Magari invece sei Higuain e la tua storia è ancora lontana dal trovare un approdo, oppure vali 90 milioni di euro ma da domani ti verranno ricordate solo le finali, quante sono di nuovo?, nelle quali hai perso, hai sbagliato un gol decisivo, oppure hai toccato due palloni nei primi dieci minuti e poi hai trascorso il resto della serata di Cardiff a guardare gli altri giocare senza avere nemmeno un’occasione.
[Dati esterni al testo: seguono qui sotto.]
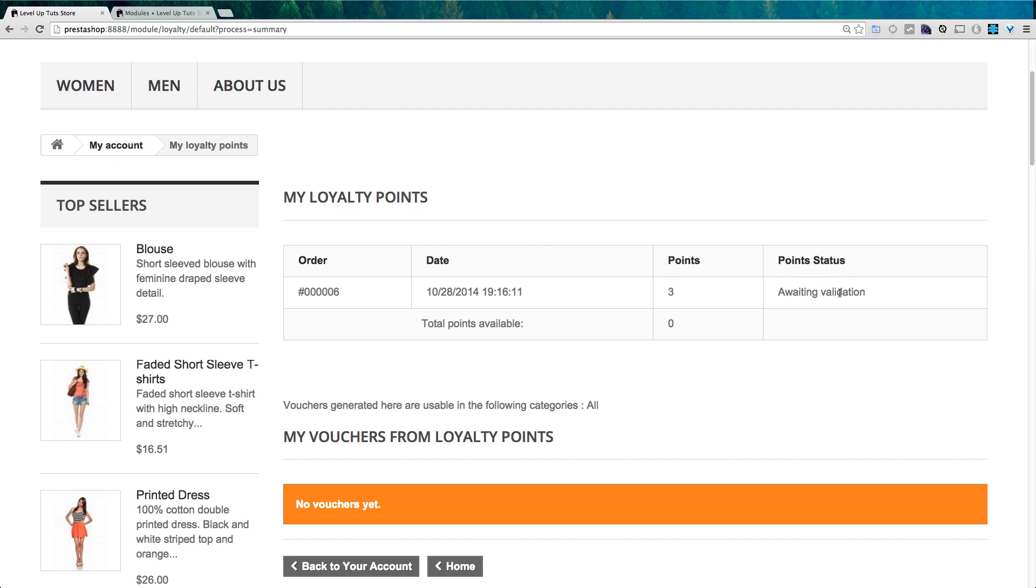Now this point status is going to change once the order has been shipped and delivered. And then I will have three points ready to use, which is the equivalent of $15 off my order. So you've now set up a loyalty rewards program and it couldn't have been easier.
Stavolta forse non sarai accusato di avere responsabilità sul risultato, ma l’ombra resta se te n’eri andato dal Real Madrid chiuso dall’ingombro di CR7 e te lo ritrovi Mvp della finale che eri stato acquistato per vincere, mentre quell’altro segna dieci gol nelle partite a eliminazione diretta. Vali 90 milioni, hai segnato una doppietta contro il Monaco in semifinale, ma dopo questa partita continuerai a essere ‘quello che sparisce nelle finali’.
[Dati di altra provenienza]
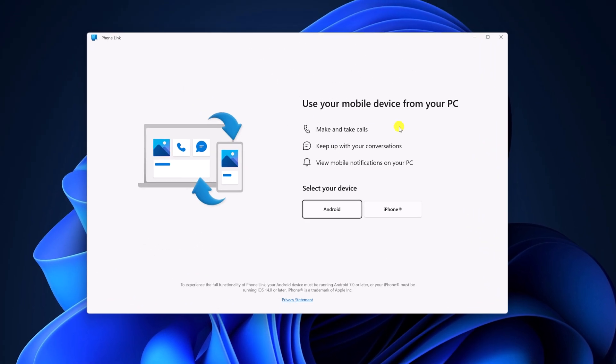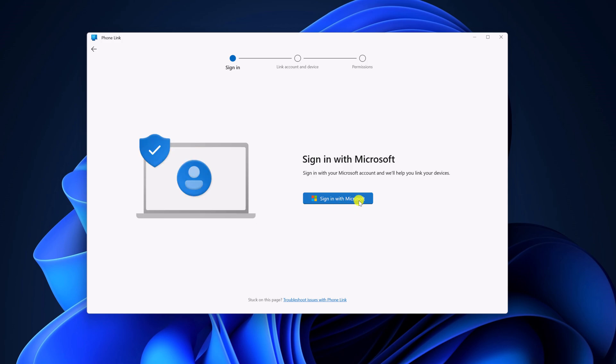And here you have to link your mobile device. So I want to link Android phone, I'll select Android, and sign in with the same Microsoft account that you have used on link to Windows app.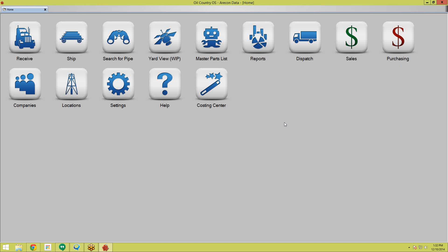Alright, so this is the home screen. You guys are familiar with it. We'll start with recapping some of what we did last week, and that is jobs and tallies.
Magari, ed è la storia più ingiusta delle storie della finale, sei Buffon. E hai vinto tutto in carriera tranne quella coppa che ti compare di nuovo di fronte alle mani a 38 anni, per la terza volta dopo Manchester e Berlino. E non c’è più molto tempo per credere che la sua storia possa trovare la quadratura del cerchio. Un’altra stagione, forse, un colpo secco. Un la va o la spacca. Ma la Juve la spacca sempre, le finali dal 1996 le ha spaccate tutte, arrivandoci da favorita o da outisder o alla pari. Ha spaccato tutte le finali nelle quali non è andata in vantaggio. Ha vinto solo quelle nelle quali ha segnato un rigore, contro il Liverpool, o un rigore in più, contro l’Ajax.

Aveva segnato per prima nel 1985 e nella finale di Roma, mai nelle cinque finali successive. E si continuerà a intervistare Vialli, Ravanelli, Padovano, Peruzzi, Jugovic, figure mitologiche che ce la fecero, un cortocircuito temporale dentro una maledizione che continua. E’ la storia della Juve che non trova la quadratura del cerchio. Meraviglia e contraddizione di una società che si ama o si odia e che proprio per questo, per il suo ruolo unico nella percezione popolare e nell’albo d’oro dei nostri confini, continua a vivere lo stesso sortilegio nelle finali di Champions League. La squadra che vince tutto nel paese dove è padrona e che al tempo stesso non riesce a vincere mai l’unico trofeo che davvero vorrebbe. E che perde contro chi quelle finali le vince sempre. La storia del Real Madrid nelle finali di Champions League ha trovato la sua quadratura del cerchio da un bel pezzo.